Monday, 27 May 2013

Saying goodbye

Being English, we don’t talk about death. We moan about getting old, about aching and forgetting things, about going to work and wishing for retirement, but we never discuss the alternative. We just pretend that it will all go on for ever. And we always think there’ll be more time. Time to spend with friends and family, time to laugh and cry, time to find out a little bit more about that man you never knew well, but who always made you smile.

Except that sometimes there isn't more time, and it’s only when it’s too late that you find out that a man you admired, is really called Keith and not Dobbin; that he liked steam trains and fishing; loved holidays in Scotland, and that he once dressed up as a woman to play in goal for a ladies’ football team.

And then you learn something more. You begin to see that sometimes it’s possible to do so much more than work and sleep and pass a life away. That it is possible to live a life that builds meaning around family and home; that counts laughter and friendship as more important than money; that brings out a whole village.

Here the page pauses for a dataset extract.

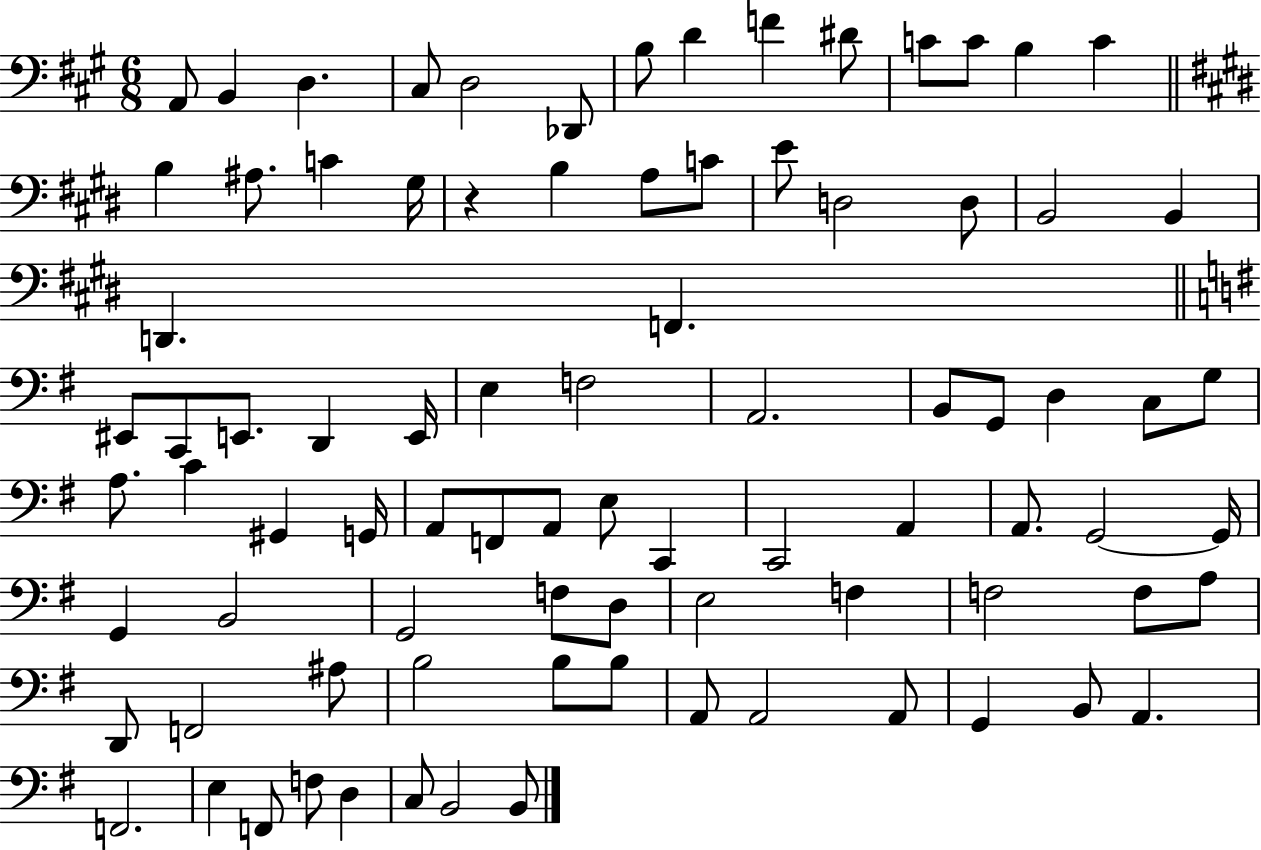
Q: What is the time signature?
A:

Shoreham is a special place; it draws the best of people into its heart and cherishes them. And when it’s time to let someone go, it does so with dignity and pride; with laughter, tears, and more than a little drunkenness. Shoreham was exactly the right place for Dobbin to live, and, on Friday, as I stood on the bridge over the river and watched 52 blue and white balloons soaring into the sky and floating away down the valley, it was also exactly the right place from which to say goodbye.